I’ve had a lot of rolling about on [SAS] related business today, generally productive as far as the NCO and RSM matters go. I also posted a file with my ‘musings’ on a few tactical matters in an appropriate place. Not sure if it was a good idea to share my thoughts in this case but I’ve never really cared much about what others think of me, no point starting now 8=).

I’ve had some time to play with my little music management toy hehe. Basically the idea is to track filename changes in my music collection and then update my playlist files. It’s not meant to be pretty or optimal, just effective. If I ever get it finished I’ll probably leave it running on the file server so it can look after my music files. Every now and then I do like to rearrange files in ~/Music and it always breaks my playlists, and even when using Amarok for the excellent playlist editing… It kind of sucks to have to redo them manually through Amaroks collection browser, it’s a great system but my playlists can some times get quite large.

I’ve also managed to get my server and laptop set up to use NFS instead of SSHFS. Since it seems I can’t count on SSHFS, it has already incured a ‘price tag’. Samba’s mount_smbfs is to much bother on FreeBSD atm, the program that comes with the fusefs-smbnetfs port seems to be as good as KiA if you want to know any thing more about it beyond the sample config file and source code… That leaves NFS and AFS, not familiar very greatly with AFS but NFS a bit more so. The BSDs seem to do things a bit differently with the exports file then what I’ve encountered before, the fbsd handbook / obsd faq also leaves a little to be desired compared to some nice BNF notation ^_^. I might be able to do some thing with a SSH tunnel later, right now some thing that works is all that is important…

My allergies have been tremendous lately but it’s that time of year again. One thing I really did like about living in Fl. It was to damn hot for most of the stuff that makes me sneeze! It was kind of one of those places you are soaked to the bone just crossing the parking lot to get to the car lol.
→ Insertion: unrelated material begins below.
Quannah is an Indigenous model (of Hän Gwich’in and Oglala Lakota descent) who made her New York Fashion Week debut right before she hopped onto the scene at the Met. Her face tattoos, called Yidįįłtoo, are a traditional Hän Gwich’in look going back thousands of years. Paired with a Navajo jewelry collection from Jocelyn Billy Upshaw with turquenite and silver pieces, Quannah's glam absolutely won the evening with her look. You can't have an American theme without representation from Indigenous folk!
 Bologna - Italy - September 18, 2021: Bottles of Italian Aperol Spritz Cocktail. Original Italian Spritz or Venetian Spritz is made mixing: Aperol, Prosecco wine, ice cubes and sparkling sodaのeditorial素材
Time to get some rest, tomorrows another day… Primary objectives for the near future are getting more work done on the SOP Rewrites and trying to fix my laptops problem with Linux GTK+ apps..grrr.

Tactical Wonderland

An old friend appeared before me with a question before my new orders come, in each hand he held a pill. One Red, one Blue, each representing a course of action. Towards service or my own ends, my reply?

Loyal to the end

days rumble

Well I’ve put a few thoughts through LaTeX and even discovered that at least the version in my MiKTeX install on WinXP, some times pdflatex.exe/latex.exe will have an endless loop rather then die with the normal error message if you accidentally delete the end{document} at the end of a doc ^_^

I think I’ll probably post the file tomorrow in the members forum, I zipped it with a simple password chosen at random. The question is will I remember what it is later rofl.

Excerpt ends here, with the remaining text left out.